*** Opening Raw data ***
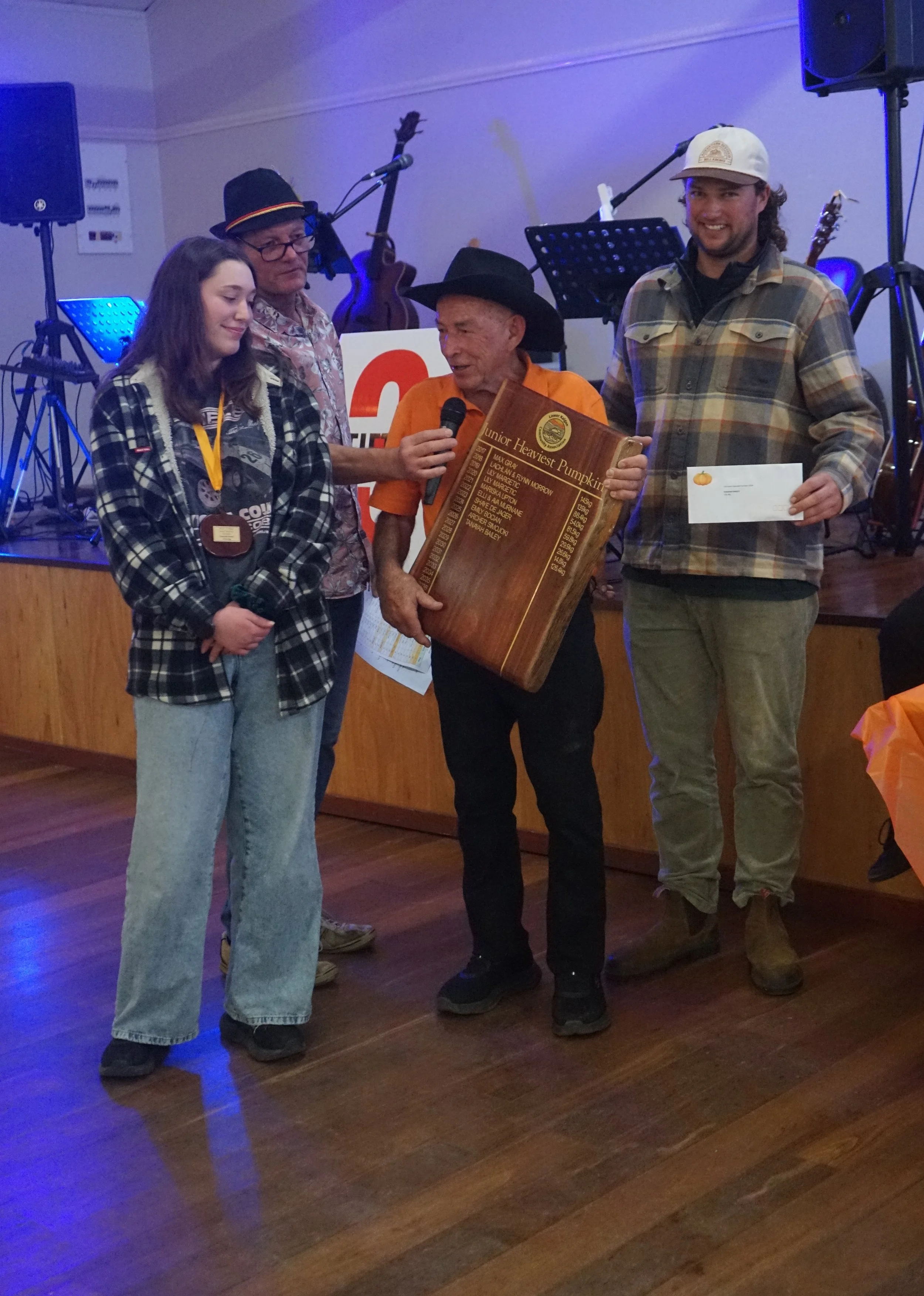 &nbsp; Junior Winner Tanayah Bailey receives her trophy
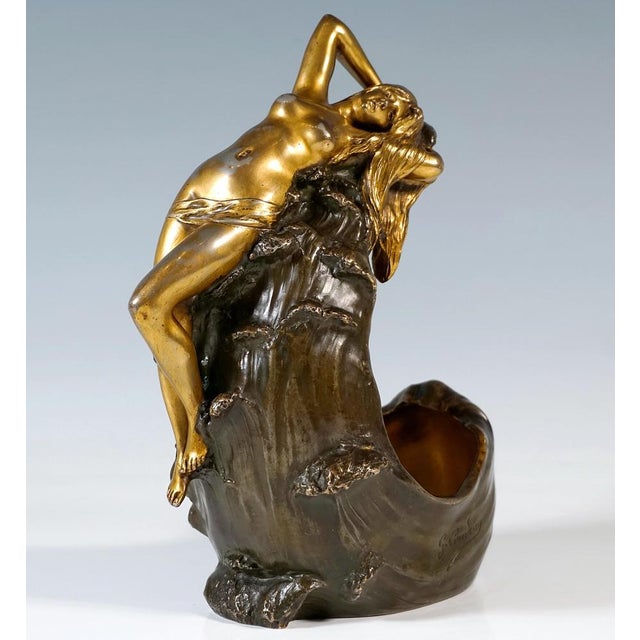 Serpentine crocodile with head raised to the side and mouth wide open, with removable back section and recessed, removable...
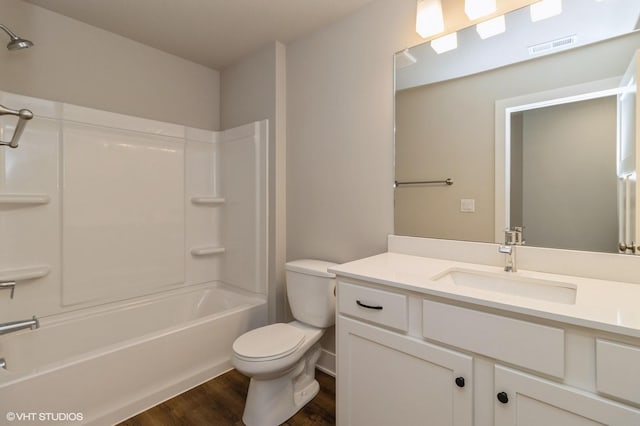 136 Creekside Dr, Bondurant, IA 50035 - bathroom with wood finished floors, vanity, and washtub / shower combination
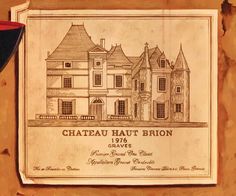 a wooden plaque with a drawing of a house on it's side and the name chateau haut brion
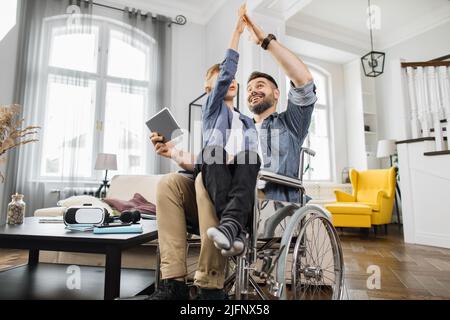 Ragazzo della scuola che dà i cinque alti al papà disabile dopo la vittoria sull'app del tablet mentre si siede sulle ginocchia dei padri. Concetto di supporto familiare e tecnologia moderna. Foto Stock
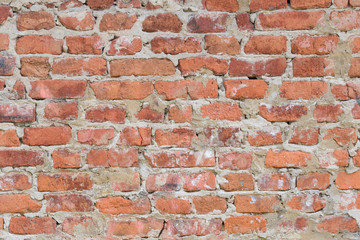 Old red brick wall texture grunge background. may use to interior design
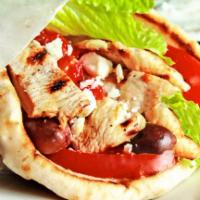 Chicken Gyro · Grilled Chicken and Salad in toasted pita topped with homemade Taziki sauce (White Sauce)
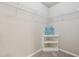 A walk-in closet with carpet floors, wire shelving, and a corner storage unit provides ample space for storage at 5070 Laurel Ridge Dr, Cumming, GA 30040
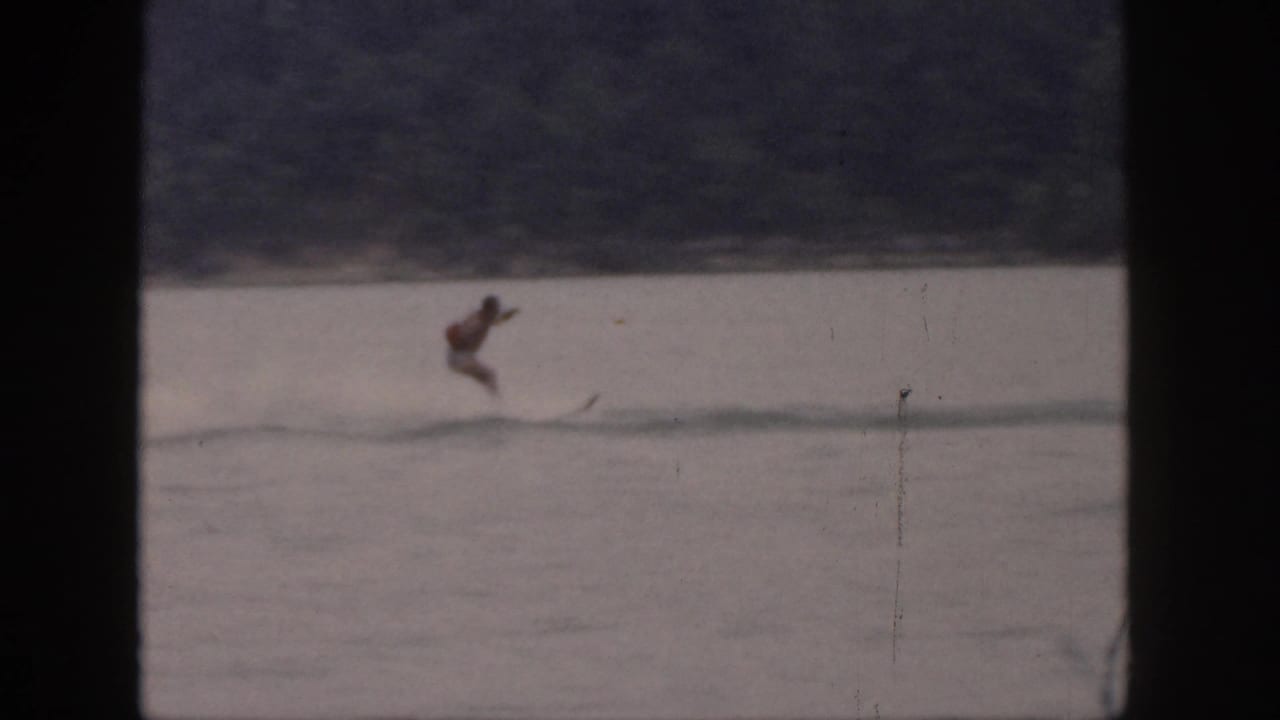 Water skier leans forward while crossing the lake near a distant shoreline.
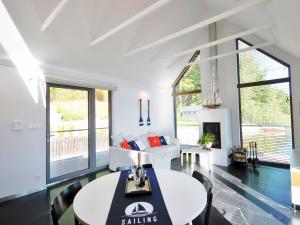 a living room with a couch and a table at Holiday Home in Bytów by Private Lake in Bytów +25 photos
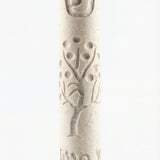 Cream Jerusalem stone Mezuzah with intricate design and Hebrew inscription, displayed vertically on a white studio surface with a soft reflection.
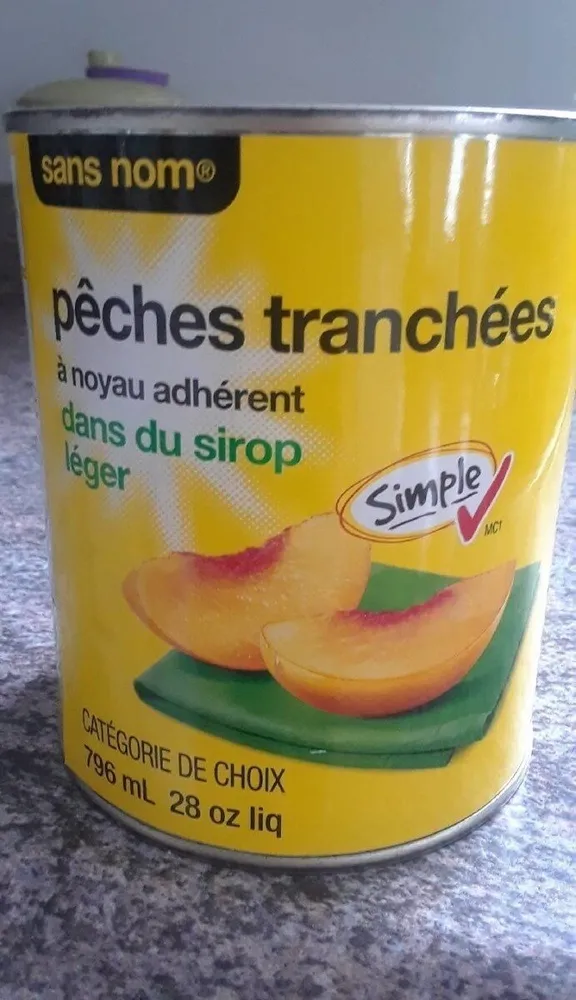 Pêche tranchée  dans un sirop léger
*** Closing Raw data ***
# Task statement
Copy every entry above exactly as it stands, but leave the pictures out.

# Expected output
 &nbsp; Junior Winner Tanayah Bailey receives her trophy
 Serpentine crocodile with head raised to the side and mouth wide open, with removable back section and recessed, removable...
 136 Creekside Dr, Bondurant, IA 50035 - bathroom with wood finished floors, vanity, and washtub / shower combination
 a wooden plaque with a drawing of a house on it's side and the name chateau haut brion
 Ragazzo della scuola che dà i cinque alti al papà disabile dopo la vittoria sull'app del tablet mentre si siede sulle ginocchia dei padri. Concetto di supporto familiare e tecnologia moderna. Foto Stock
 Old red brick wall texture grunge background. may use to interior design
 Chicken Gyro · Grilled Chicken and Salad in toasted pita topped with homemade Taziki sauce (White Sauce)
 A walk-in closet with carpet floors, wire shelving, and a corner storage unit provides ample space for storage at 5070 Laurel Ridge Dr, Cumming, GA 30040
 Water skier leans forward while crossing the lake near a distant shoreline.
 a living room with a couch and a table at Holiday Home in Bytów by Private Lake in Bytów +25 photos
 Cream Jerusalem stone Mezuzah with intricate design and Hebrew inscription, displayed vertically on a white studio surface with a soft reflection.
 Pêche tranchée  dans un sirop léger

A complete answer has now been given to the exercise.